Description
This creamy bacon and onion flatbread originated in the Alsace region, along the French-German Border. It is delicious as a dinner, as an appetizer, or for breakfast served with a fried egg.
Ingredients
1 batch of Basic Sourdough (or about 2 lbs pizza dough)
1 lb Bacon
2 medium onions
2 T cup chopped chives
2/3 cup creme fraiche (or sour cream)
1 cup grated compte or other German-French cheese (optional)
salt, and pepper to taste
flour for your working surface
Instructions
Cook the bacon and Onion
Preheat your oven to 475 degrees.
Saute the bacon until crispy. Transfer to a paper towl lined plate to cool.
Add the onion to bacon fat and saute until soft and starting to brown. Transfer to the same plate as the bacon.
Assemble Tarte Flambee
Divide the dough into 2-4 balls. Roll / stretch out each ball on a floured surface.
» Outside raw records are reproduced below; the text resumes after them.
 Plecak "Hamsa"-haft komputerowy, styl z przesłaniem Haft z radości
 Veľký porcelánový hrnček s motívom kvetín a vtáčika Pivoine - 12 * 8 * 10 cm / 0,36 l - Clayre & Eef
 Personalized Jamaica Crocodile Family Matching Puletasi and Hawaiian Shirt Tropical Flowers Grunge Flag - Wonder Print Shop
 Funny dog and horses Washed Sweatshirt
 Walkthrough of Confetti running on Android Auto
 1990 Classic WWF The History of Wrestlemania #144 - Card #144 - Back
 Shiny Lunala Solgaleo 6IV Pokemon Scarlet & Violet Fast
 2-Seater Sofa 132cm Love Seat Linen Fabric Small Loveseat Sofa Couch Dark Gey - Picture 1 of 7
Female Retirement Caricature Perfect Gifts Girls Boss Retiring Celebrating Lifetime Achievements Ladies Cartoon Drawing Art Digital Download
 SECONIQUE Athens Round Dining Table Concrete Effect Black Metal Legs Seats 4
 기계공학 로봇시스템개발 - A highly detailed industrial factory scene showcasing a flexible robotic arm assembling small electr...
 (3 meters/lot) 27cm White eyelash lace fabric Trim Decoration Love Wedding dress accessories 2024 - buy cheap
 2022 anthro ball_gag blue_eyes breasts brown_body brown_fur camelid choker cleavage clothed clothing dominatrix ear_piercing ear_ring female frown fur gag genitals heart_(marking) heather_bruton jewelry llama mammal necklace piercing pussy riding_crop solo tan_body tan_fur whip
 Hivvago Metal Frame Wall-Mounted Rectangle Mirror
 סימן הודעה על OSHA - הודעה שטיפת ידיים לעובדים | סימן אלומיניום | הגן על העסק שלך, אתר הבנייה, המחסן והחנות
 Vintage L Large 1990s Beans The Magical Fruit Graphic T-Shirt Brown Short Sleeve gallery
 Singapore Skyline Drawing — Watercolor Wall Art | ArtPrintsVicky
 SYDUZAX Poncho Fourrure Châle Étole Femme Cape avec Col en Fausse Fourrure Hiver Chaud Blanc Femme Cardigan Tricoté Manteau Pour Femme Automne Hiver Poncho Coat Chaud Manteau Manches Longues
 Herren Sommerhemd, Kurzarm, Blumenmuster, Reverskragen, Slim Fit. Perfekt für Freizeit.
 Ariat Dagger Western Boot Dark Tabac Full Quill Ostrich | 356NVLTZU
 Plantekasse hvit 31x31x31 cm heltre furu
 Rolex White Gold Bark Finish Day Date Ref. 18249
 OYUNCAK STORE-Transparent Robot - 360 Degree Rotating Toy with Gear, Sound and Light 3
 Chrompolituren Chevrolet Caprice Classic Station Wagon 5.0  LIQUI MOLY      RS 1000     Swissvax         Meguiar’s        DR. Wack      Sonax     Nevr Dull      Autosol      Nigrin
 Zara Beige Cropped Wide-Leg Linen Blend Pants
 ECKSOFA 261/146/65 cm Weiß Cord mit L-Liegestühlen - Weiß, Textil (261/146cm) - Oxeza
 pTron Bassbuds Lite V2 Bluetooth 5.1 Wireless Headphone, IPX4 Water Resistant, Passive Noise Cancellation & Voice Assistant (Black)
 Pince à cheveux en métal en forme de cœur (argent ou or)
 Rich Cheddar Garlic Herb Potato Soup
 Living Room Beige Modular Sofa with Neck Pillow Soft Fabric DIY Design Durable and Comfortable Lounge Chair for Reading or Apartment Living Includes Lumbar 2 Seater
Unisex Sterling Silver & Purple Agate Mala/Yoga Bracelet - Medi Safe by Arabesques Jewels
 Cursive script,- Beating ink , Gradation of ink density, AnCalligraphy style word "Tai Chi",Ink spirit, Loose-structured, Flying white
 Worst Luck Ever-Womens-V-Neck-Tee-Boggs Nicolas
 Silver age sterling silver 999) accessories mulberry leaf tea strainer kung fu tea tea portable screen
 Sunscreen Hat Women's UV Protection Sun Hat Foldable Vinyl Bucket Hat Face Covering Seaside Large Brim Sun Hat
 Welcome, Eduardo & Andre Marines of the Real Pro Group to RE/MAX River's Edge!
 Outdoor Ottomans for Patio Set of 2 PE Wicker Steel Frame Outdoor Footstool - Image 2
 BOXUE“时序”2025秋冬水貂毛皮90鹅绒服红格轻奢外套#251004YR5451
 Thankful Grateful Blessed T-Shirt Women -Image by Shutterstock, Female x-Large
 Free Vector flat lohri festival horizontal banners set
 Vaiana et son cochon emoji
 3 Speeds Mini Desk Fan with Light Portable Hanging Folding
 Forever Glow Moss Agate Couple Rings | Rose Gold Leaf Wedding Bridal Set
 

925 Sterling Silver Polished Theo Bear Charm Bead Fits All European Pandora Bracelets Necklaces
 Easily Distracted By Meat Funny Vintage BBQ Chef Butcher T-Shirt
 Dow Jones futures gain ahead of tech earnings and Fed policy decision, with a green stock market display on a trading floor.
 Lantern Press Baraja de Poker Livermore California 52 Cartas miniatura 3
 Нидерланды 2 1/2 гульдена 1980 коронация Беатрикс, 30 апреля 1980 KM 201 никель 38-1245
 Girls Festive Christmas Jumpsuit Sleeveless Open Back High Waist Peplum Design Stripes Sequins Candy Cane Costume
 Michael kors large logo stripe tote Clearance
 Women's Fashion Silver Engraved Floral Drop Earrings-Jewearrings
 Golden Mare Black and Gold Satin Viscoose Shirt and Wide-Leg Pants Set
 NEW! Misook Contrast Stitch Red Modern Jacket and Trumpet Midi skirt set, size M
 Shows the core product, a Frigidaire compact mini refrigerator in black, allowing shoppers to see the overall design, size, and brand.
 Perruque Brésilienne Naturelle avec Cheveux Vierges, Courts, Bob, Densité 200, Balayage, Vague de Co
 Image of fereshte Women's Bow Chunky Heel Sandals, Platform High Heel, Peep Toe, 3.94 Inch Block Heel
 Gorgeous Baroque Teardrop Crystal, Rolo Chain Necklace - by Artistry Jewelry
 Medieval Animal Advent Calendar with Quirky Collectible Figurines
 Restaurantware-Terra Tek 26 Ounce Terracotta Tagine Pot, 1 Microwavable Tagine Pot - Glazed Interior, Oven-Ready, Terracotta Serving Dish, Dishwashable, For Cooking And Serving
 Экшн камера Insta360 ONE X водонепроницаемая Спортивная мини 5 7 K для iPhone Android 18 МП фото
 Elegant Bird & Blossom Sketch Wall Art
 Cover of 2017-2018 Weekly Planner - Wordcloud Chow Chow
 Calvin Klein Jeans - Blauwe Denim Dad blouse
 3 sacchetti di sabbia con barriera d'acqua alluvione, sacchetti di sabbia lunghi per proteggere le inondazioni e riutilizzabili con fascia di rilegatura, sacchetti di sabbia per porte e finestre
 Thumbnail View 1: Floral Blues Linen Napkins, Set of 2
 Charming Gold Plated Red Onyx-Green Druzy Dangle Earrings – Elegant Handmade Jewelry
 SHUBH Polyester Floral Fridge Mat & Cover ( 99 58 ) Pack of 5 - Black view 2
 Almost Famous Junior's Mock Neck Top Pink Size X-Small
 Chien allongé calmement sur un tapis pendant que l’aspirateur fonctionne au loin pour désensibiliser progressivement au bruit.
Transfer flatbread dough to lined sheet pans and stab them all over with a fork.
Spread the creme fraiche evenly over the flatbreads and season with salt and pepper. Sprinkle some grated compte or other cheese if using.
Spread the bacon-onion mixture over top of flatbreads.
Bake for 15-25 minutes or until golden brown and crust is cooked all the way through. Sprinkle with chives and serve.